It is, but I find it to be a useful frame for getting people to fully understand the consequences of the policies they pursue, especially lefty folks who simultaneously talk about systemic racism and the broken justice system and propose more laws for said broken system to enforce, without seeing the problem. The anti-gun people, to beat my favorite dead horse, lobby for draconian gun laws, and then are shocked, shocked I tell you, when they're disproportionately enforced against minorities and not the white redneck gun nuts I'm sure they had in mind when they pushed for the law, and this incident is a good example of the same phenomenon in tragic action.

To quote my favourite Welsh socialist rock star, Nicky Wire, "f*ck the Brady Bill".

luan78zao wrote:
The_Walrus wrote:
No, some laws are unjust, but income tax isn't one of them and tax as a concept isn't one of them.


Money has been taken from people who earned it (working at Ford Motors, say) and given to their competitors who did not (at GM, say).
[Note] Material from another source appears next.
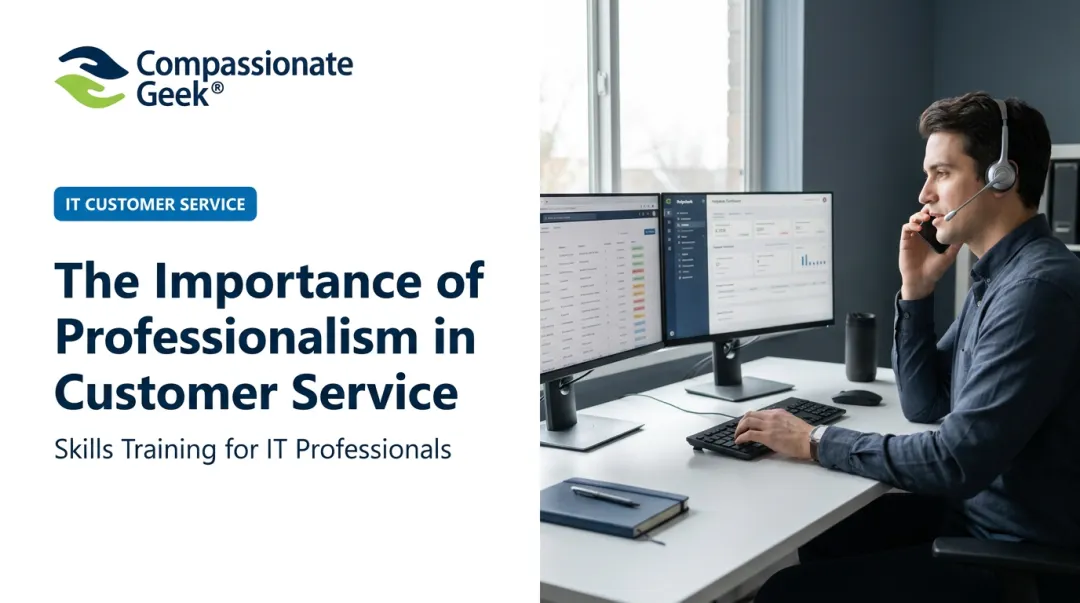 The Importance of Professionalism in Customer Service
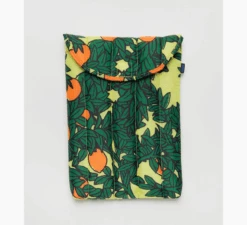 Baggu / 13"/14" Orange Tree Yellow Laptop Sleeve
Money has been taken from those who earned it and given to political cronies and brothers-in-law of every kind. Money has been taken from me and used to drop bombs on people who posed no threat to me. I don't call any of that "justice".

All very valid points, but it suggests stopping public ownership or subsidy of sectors that don't need it, the military-industrial complex, and corruption, rather than throwing the baby out with the bathwater.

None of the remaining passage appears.